We are not in the business of just surviving. At Axa, we are committed to building a business which both embraces the changes and thrives in the new world being ushered in by stakeholder pensions.
To achieve that aim, we are making big changes to our business, not just in terms of our internal systems and processes but also in the way we do business with intermediaries and customers.
It is important to consider the key drivers affecting us and the industry.
First, there is the legislation itself that has introduced a charge-capped “simple” product and compelled most employers to make one available to employees. Second, the industry regulators are constructing rules that will ensure stakeholder must be considered as part of any pension advice and there are serious proposals to relax polarisation so every organisation can have access to a stakeholder product.
Third, the ongoing technological revolution is reaching more and more people and providing new channels of distribution and easy access to policy information at much lower costs.
Finally, the reality of the 1 per cent world means everyone in the value chain has to get used to lower margins and find more cost-effective ways of developing, marketing, advising, selling, investing and administering pensions.
The market has become highly competitive with providers, IFAs and other financial services companies intent on securing business through exclusive deals on the best possible terms. The battleground seems to be centred on price and commission (inevitably), technology and service, marketing support, financial strength and commitment to the market.
Most of these things are pretty tangible. But commitment to the market is difficult to gauge. Why is commitment important? It is the intangible nature of commitment that allows this concept to be used very loosely these days but it is vitally important to establish what companies mean by this.
If we are to add value in the 1 per cent world, we have to do things very differently. For providers and IFAs, this means working in partnership as never before. It means working together to take cost out of sales and servicing processes.

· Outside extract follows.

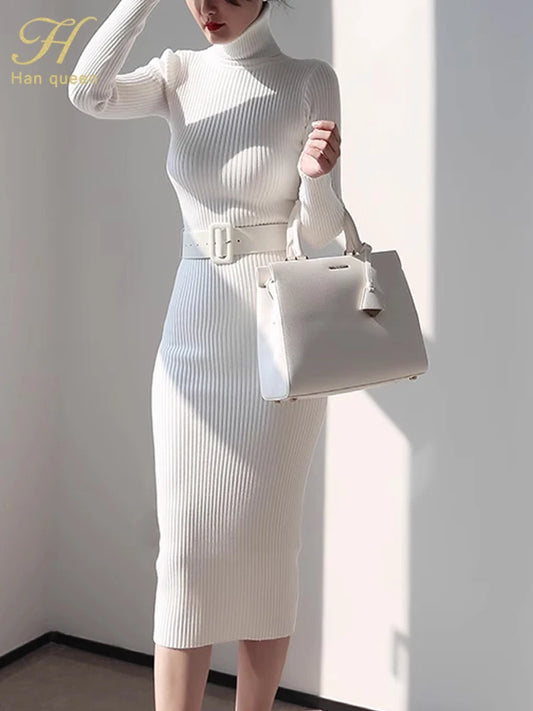 Amoura Dresses™ Winter Midi With Belt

At the same time, we must strive to increase productivity in terms of take-up and premium size and focus on total value rather than unit price. To do this requires close and honest relationships and that needs commitment on both sides.
What are providers looking for? All providers are very concerned about low charges leading to long periods before a contract breaks even. This means providers need to be more sure than ever about the type of business they get. They will certainly be more focused on understanding which IFA partners will write persistent high-volume, high-value business for the foreseeable future.
Providers have always preferred this kind of business, the difference now is that they need it.
Of equal significance is the question of remuneration for advice. There are large sections of the market where initial commission still prevails and, although initial commission on stakeholder-type pensions has more than halved over the last 12 months, no committed provider will withdraw completely from this area – yet. However, initial commission for 1 per cent products creates a financial strain for providers which needs financing in the short term and compounds the profitability and persistency issues in the long term.
For this reason, there can be no doubt that IFAs who write nil or fund-based commission business or who are actively managing their businesses over to these types of remuneration will find providers competing increasingly for their business.
What are IFAs looking for? Without wishing to second guess IFAs, we believe our day-to-day involvement with them gives us a good understanding of the issues they face. In the short term, those IFAs who recognise the need to change their businesses want to be reassured that providers will support them through the transition.
This support takes a number of forms. Primarily it is financial and includes, in many cases, the need to continue with initial commission to maintain cash flow. However, there are other important areas where providers can and should help enhance the value of business to IFAs given the lower levels of commission that prevail. These include:
Marketing support – expertise and techniques for remote marketing and selling which can reduce prospecting costs and provide a deeper insight into customer behaviour.
Sales support – without contravening the indirect-benefit rules, there are parts of the sales process that product providers can manage to improve initial take-up and future persistency.
Technology – programs that will automatically collect data for the pre-population of quotes, applications and mainframe records, as well as manage contribution collection.
In the long term, just as IFAs will need to change their businesses, so will providers. It is essential that providers can convince potential IFA partners that they have a clear, deliverable strategy to move to a cost base that is sustainable in the capped charges world without a reduction in service quality, while at the same time investing for the growth in revenues required to gain the necessary scale.
As part of a global group, Axa in the UK has the strength and commitment to work in this way with its existing partners and to develop new and stronger relationships where both sides are determined to deliver benefits throughout the whole value chain.
With this kind of commitment on both sides, IFA and provider partners can, I believe, allow themselves to consider thriving in the future, not just surviving the present.